[Exercise]
Restate the data word for word and leave the images out.
(Beginning of Information supplied)
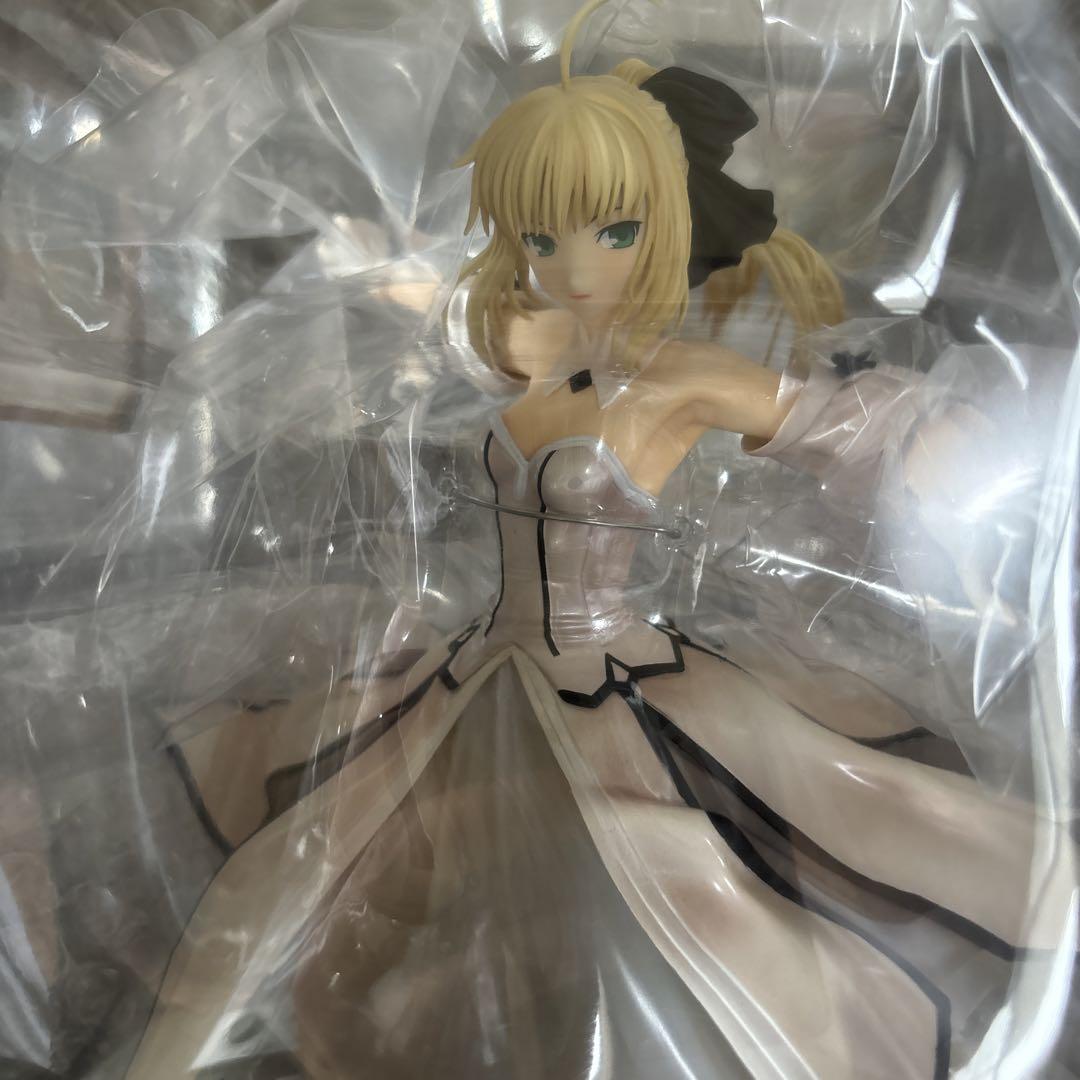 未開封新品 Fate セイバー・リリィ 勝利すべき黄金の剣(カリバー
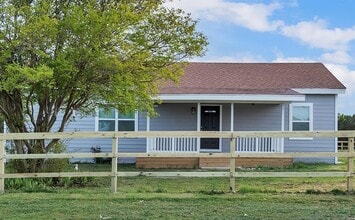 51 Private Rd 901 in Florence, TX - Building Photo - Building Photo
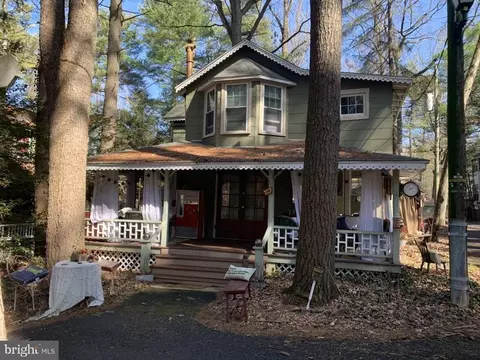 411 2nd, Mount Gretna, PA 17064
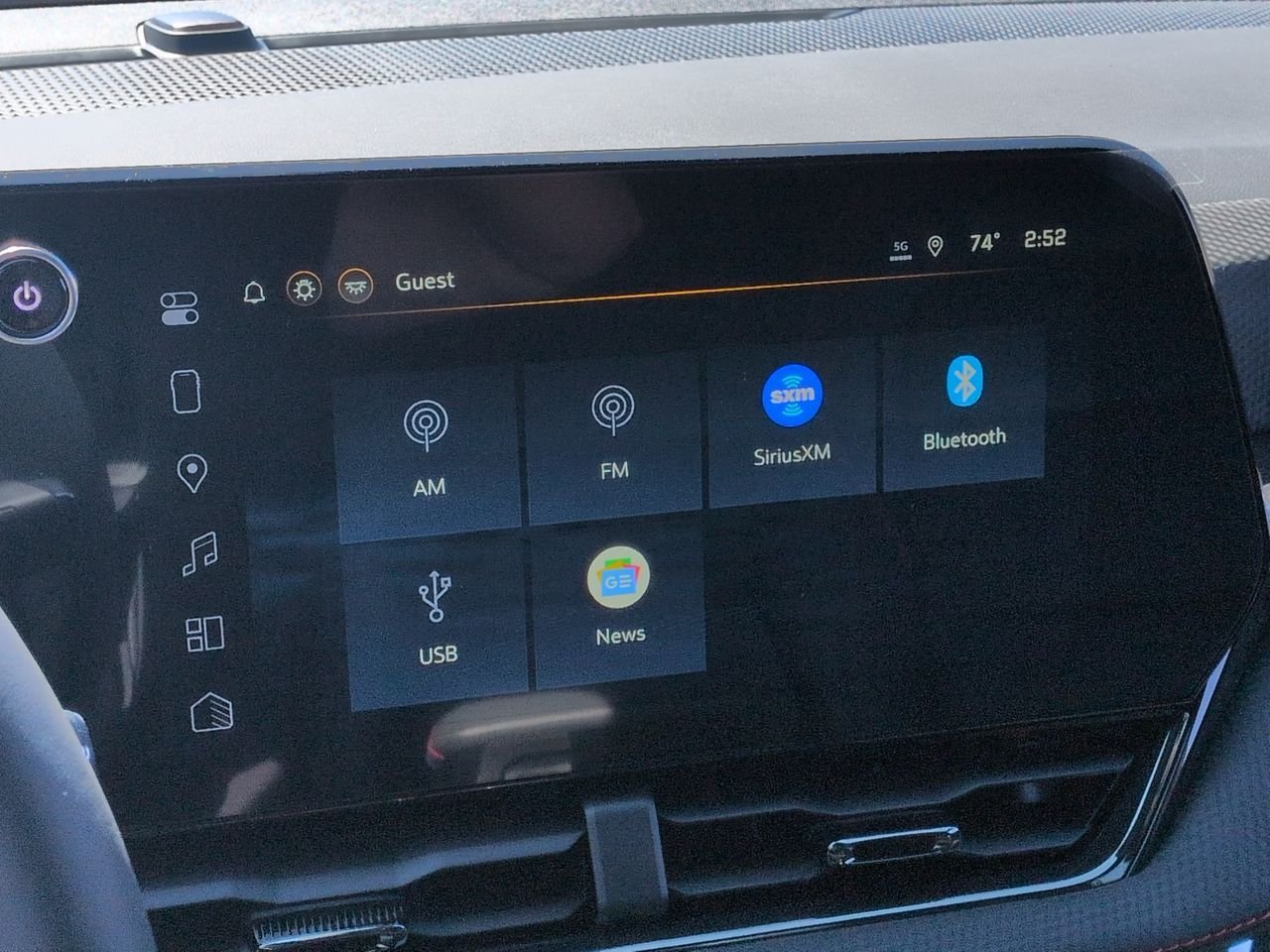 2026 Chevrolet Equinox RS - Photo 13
(End of Information supplied)
[Exercise response]
 未開封新品 Fate セイバー・リリィ 勝利すべき黄金の剣(カリバー
 51 Private Rd 901 in Florence, TX - Building Photo - Building Photo
 411 2nd, Mount Gretna, PA 17064
 2026 Chevrolet Equinox RS - Photo 13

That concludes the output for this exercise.